Lagrange Engineering Update: August 2025
In August, Lagrange’s engineering and research teams delivered a series of critical refactorings, optimizations, and new capabilities that substantially advanced DeepProve’s performance and portability. Most notably, we achieved the ability to prove full-sequence (1024 token) inference for GPT-2 on the same benchmark hardware used in prior 10-token runs—demonstrating the scalability of our system and positioning DeepProve as the clear performance leader in verifiable machine learning.
Full-Sequence GPT-2 Proofs (1024 tokens)
This month, DeepProve successfully proved full-sequence GPT-2 inference at 1024 tokens. Importantly, this was achieved on the same benchmark machine previously used for 10-token proofs, showcasing the scalability of our proving pipeline.
One of GPT-2’s strengths in the DeepProve context is that inference can be batched into a single proof regardless of the number of forward passes performed. This “one-shot” proving design makes longer sequences more efficient on a per-token basis: the larger the sequence, the higher the throughput.
- 10 tokens: 0.02 tokens/sec
- 1024 tokens: 0.5 tokens/sec (25× improvement)
For comparison, zkTorch recently announced support for GPT-style models but reported performance only at very short sequence lengths (1–2 tokens)【paper†L10-L18】. Based on their published numbers, throughput is ~0.001 tokens/sec—placing DeepProve at up to 500× faster.

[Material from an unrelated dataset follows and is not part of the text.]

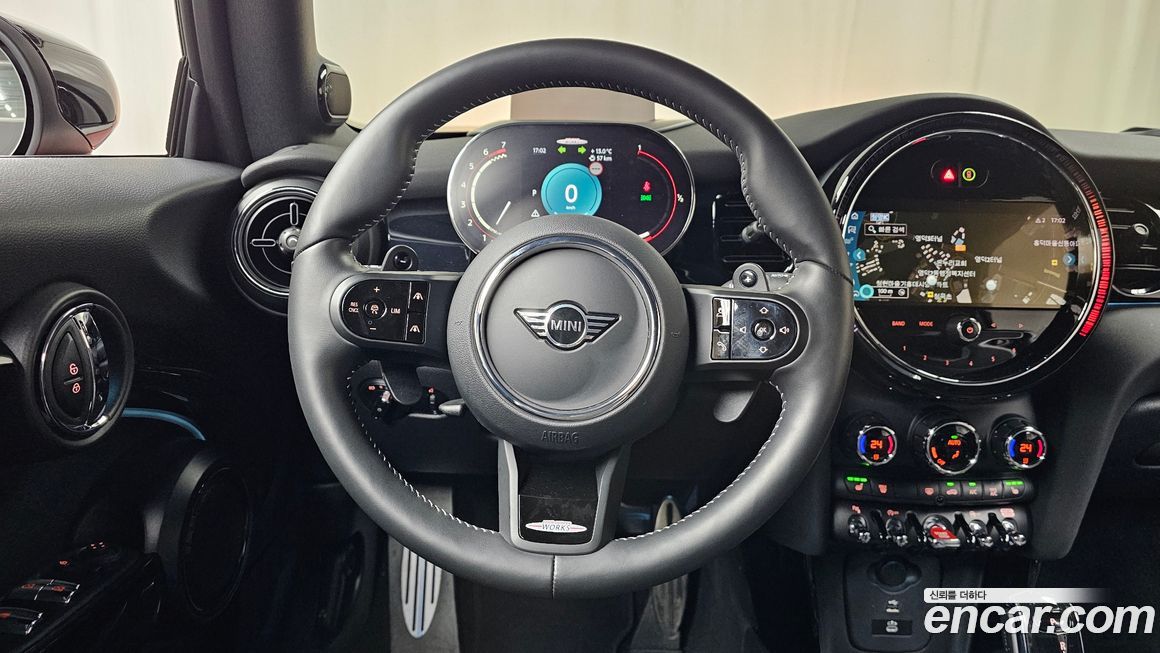 Mini Cooper Convertible 2024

Upgrade to Latest scroll/ceno
We completed a major refactor to rebase DeepProve onto the latest scroll/ceno published version. This introduced breaking changes across the polynomial, sumcheck, and PCS APIs, requiring us to restructure internal components. These changes improved both proving speed and memory consumption, while setting the foundation for more scalable commitment strategies.
- Sumcheck API – Expressions can now be constructed symbolically as algebraic objects, with data injected at proving time.
- PCS API – A new commitment/opening interface simplified integration and improved efficiency.
Optimized Commitment Structure
Previously, DeepProve committed individually to each polynomial per layer (input, output, chunk tables, etc.), producing multiple Merkle trees per layer – a sequential and memory-heavy process.
With the latest basefold API, we can now perform a single commitment per layer, regardless of the number of polynomials. This change eliminates one of the largest bottlenecks in our proving pipeline.
- Proving time: ~2× reduction
- Memory use: ~10× reduction (fewer Merkle trees kept in memory)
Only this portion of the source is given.